* _Assignment_:
The required result is an exact copy of the lines beginning at the line that contains "Super 8 By Wyndham" and ending at the last line of the material below.

* _Available data_:
------------------------
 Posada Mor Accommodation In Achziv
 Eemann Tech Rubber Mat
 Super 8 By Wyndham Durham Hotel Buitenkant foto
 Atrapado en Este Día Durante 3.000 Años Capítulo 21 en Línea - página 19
------------------------
* _Exercise result_:
 Super 8 By Wyndham Durham Hotel Buitenkant foto
 Atrapado en Este Día Durante 3.000 Años Capítulo 21 en Línea - página 19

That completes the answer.